Cooper gallery Otolith group
Screenshot from The Ignorant Art School | Sit-in Curriculum #3 | DXG | The Otolith Group, Cooper Gallery, Duncan of Jordanstone College of Art & Design, Dundee, 13 Oct to 16 Dec 2023

Hortense Spillers, renowned American literary critic and Black Feminist scholar, notes in her seminal essay:

…because it was set aside, black culture could, by virtue of the very act of discrimination, become culture, insofar as, historically speaking, it was forced to turn its resources of spirit toward negation and critique.
The Idea of Black Culture, Hortense Spillers, 2006, p. 26

In 2020, British director Steve McQueen’s five-part anthology series, Small Axe narrates the lived experiences of Caribbean people who migrated to London between the 1960s and 1980s. McQueen’s anthology provides a contemporary perspective on a historical moment in Black British history. Both Spillers’ essay and McQueen’s anthology inspired critical conversations around the meanings of Black culture and its material effects and affects, historically and at the present time. Both works enabled a journey back and forth, between past and present, stimulating reflections on generational and transformational change at the online gathering which was part of The Ignorant Art School | Sit in Curriculum #3 | DXG | The Otolith Group, organised and hosted by the Cooper Gallery, Duncan of Jordanstone College of Arts and Design, on 30 November 2023.

Anjalika Sagar and Kodwo Eshun of the award-winning Otolith Group, and renowned scholar, anti-racist and social justice activist Professor Augustine ‘Gus’ John, engaged in a two-hour, critical, consciousness raising conversation with the online audience, reflecting on the idea of Black culture in Britain, asking questions ‘…about the demands it makes upon us but also the demands we make upon it’ (Kodwo Eshun). This critical gathering provided an opportunity to speak about the intergenerational trauma occasioned by the location of Black culture(s) within the Racial Capitalocene but also about possibilities for change. Indeed, the potential for more positive futures for Black cultures(s) was previously articulated by Spillers when she noted that:

It is striking that precisely because black cultures arose in the world of normative violence, coercive labour, and the virtually absolute crush of the everyday struggle for existence, its subjects could imagine, could dare to imagine, a world beyond the coercive technologies of their daily bread, but meditating the historical possibilities.
The Idea of Black Culture, Hortense Spillers, 2006, p. 25-26

Against this background, Professor John covered several key topics related to the Black experience in Britain from the 1960s based on his own lived realities as a Grenadian born migrant to the UK in 1964, and his extensive professional experience as an educator, researcher and activist. He challenged the way in which Black culture in Britain was historically pathologised in the education system—here he spoke expansively on the categorisation of Black children as educationally subnormal or ESN. According to Professor John, ‘ESN had more to do with Britain’s racial agenda than with the mental capacity of Caribbean peoples.’ The education system was only part of a wider process of ‘othering’ which manifested at all levels of society including the way in which Black culture was policed and the way in which Black families were represented as dysfunctional. In fact, for Professor John, ‘…the entire Black community was under siege from the state and its apparatuses.’
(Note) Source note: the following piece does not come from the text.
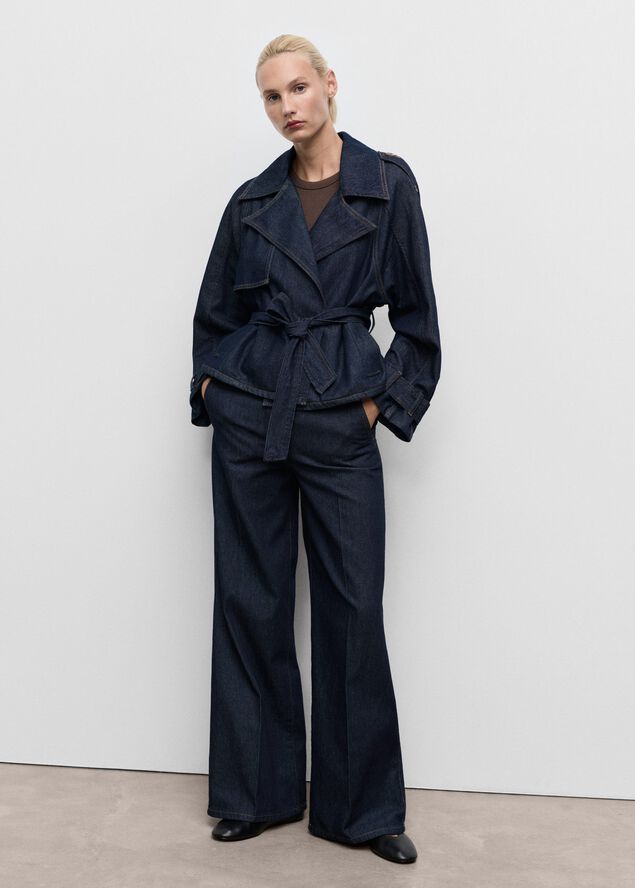 Wide leg denim trousers with belt l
But within the context of oppression, resistance movements were formed—such as the supplementary school system developed by Black parents who were aspirational and determined to ensure their children would be educated as a route to social mobility. Supplementary schools were therefore used to ‘rebuild Black culture’. Similarly, Professor John gave the example of John La Rose who established New Beacon Books, the first Caribbean publishing house, as a vehicle for Black people to validate their own cultures, stories, and politics, to establish a renewed sense of self. We could also speak on the establishment in 1966 of the Caribbean Artists Movement by the trio La Rose, Jamaican writer and broadcaster Andrew Salkey, and Barbadian poet and historian Kamau Brathwaite, who provided a platform for a conversation on the manifestation of works by Caribbean artists, poets, writers, dramatists, actors, and musicians. These acts of resistance to the pathologisation of Black culture enabled the emergence of a counter-narrative and alternative epistemologies. And these acts of resistance in Britain did not of course exist in isolation but were part of a global consciousness raising that was occurring amongst many in the African diaspora including in America (duBois, Garvey) and from Caribbean musical forms such as ska, calypso, and soca, contributing to the building of a local Black culture in Britain.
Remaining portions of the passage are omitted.